Borna Sahar, Maniaci Michael J, Haider Clifton R, Gomez-Cabello Cesar A, Pressman Sophia M, Haider Syed Ali, Demaerschalk Bart M, Cowart Jennifer B, Forte Antonio Jorge
Division of Plastic Surgery, Mayo Clinic, 4500 San Pablo Rd, Jacksonville, FL 32224, USA.
Division of Hospital Internal Medicine, Mayo Clinic, Jacksonville, FL 32224, USA.
Bioengineering (Basel). 2024 May 12;11(5):483. doi: 10.3390/bioengineering11050483.
This study aims to explore how artificial intelligence can help ease the burden on caregivers, filling a gap in current research and healthcare practices due to the growing challenge of an aging population and increased reliance on informal caregivers. We conducted a search with Google Scholar, PubMed, Scopus, IEEE Xplore, and Web of Science, focusing on AI and caregiving. Our inclusion criteria were studies where AI supports informal caregivers, excluding those solely for data collection. Adhering to PRISMA 2020 guidelines, we eliminated duplicates and screened for relevance. From 947 initially identified articles, 10 met our criteria, focusing on AI's role in aiding informal caregivers. These studies, conducted between 2012 and 2023, were globally distributed, with 80% employing machine learning. Validation methods varied, with Hold-Out being the most frequent. Metrics across studies revealed accuracies ranging from 71.60% to 99.33%. Specific methods, like SCUT in conjunction with NNs and LibSVM, showcased accuracy between 93.42% and 95.36% as well as F-measures spanning 93.30% to 95.41%. AUC values indicated model performance variability, ranging from 0.50 to 0.85 in select models.
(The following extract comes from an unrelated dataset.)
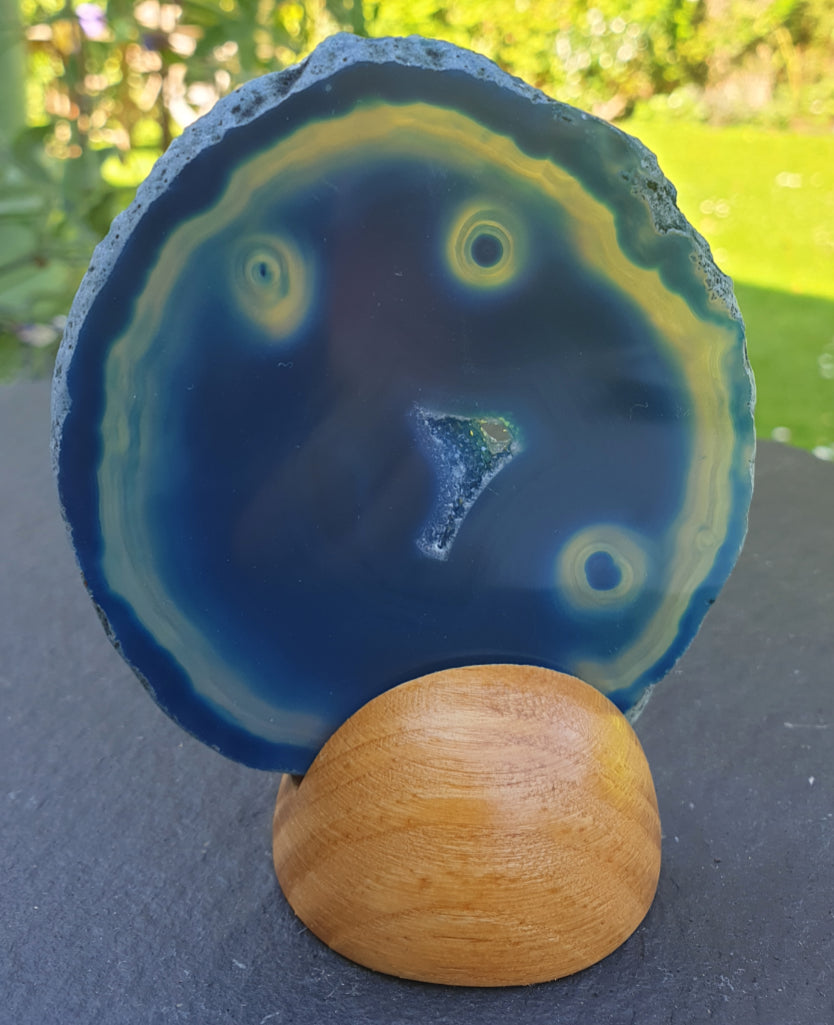 Deep green Agate Slice On Stand (Small)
Our review highlights AI's role in aiding informal caregivers, showing promising results despite different approaches. AI tools provide smart, adaptive support, improving caregivers' effectiveness and well-being.
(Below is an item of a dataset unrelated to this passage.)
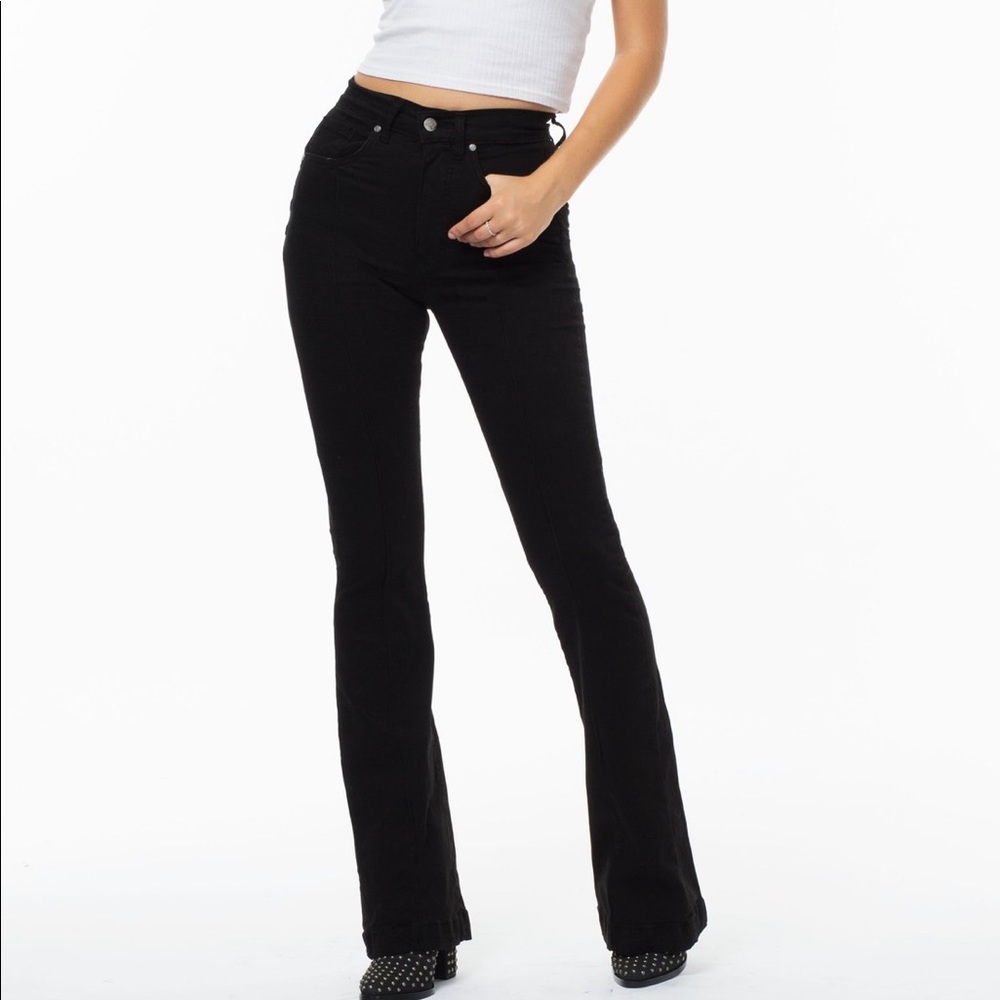 Revive Denim Venus Flares / Jet black wash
本研究旨在探讨人工智能如何帮助减轻护理人员的负担,填补当前研究和医疗实践中的空白,因为人口老龄化带来的挑战日益增加,且对非正式护理人员的依赖也在增加。我们在谷歌学术、PubMed、Scopus、IEEE Xplore和科学网进行了搜索,重点关注人工智能与护理。我们的纳入标准是人工智能支持非正式护理人员的研究,不包括那些仅用于数据收集的研究。遵循PRISMA 2020指南,我们消除了重复项并筛选了相关性。从最初识别的947篇文章中,有10篇符合我们的标准,重点关注人工智能在帮助非正式护理人员方面的作用。这些研究在2012年至2023年期间进行,分布在全球各地,80%采用了机器学习。验证方法各不相同,留出法是最常用的。各项研究的指标显示准确率在71.60%至99.33%之间。特定方法,如结合神经网络和LibSVM的SCUT,展示了93.42%至95.36%的准确率以及93.30%至95.41%的F值。AUC值表明模型性能存在差异,在某些模型中从0.50到0.85不等。我们的综述强调了人工智能在帮助非正式护理人员方面的作用,尽管方法不同,但显示出了有前景的结果。人工智能工具提供智能、自适应的支持,提高护理人员的效率和幸福感。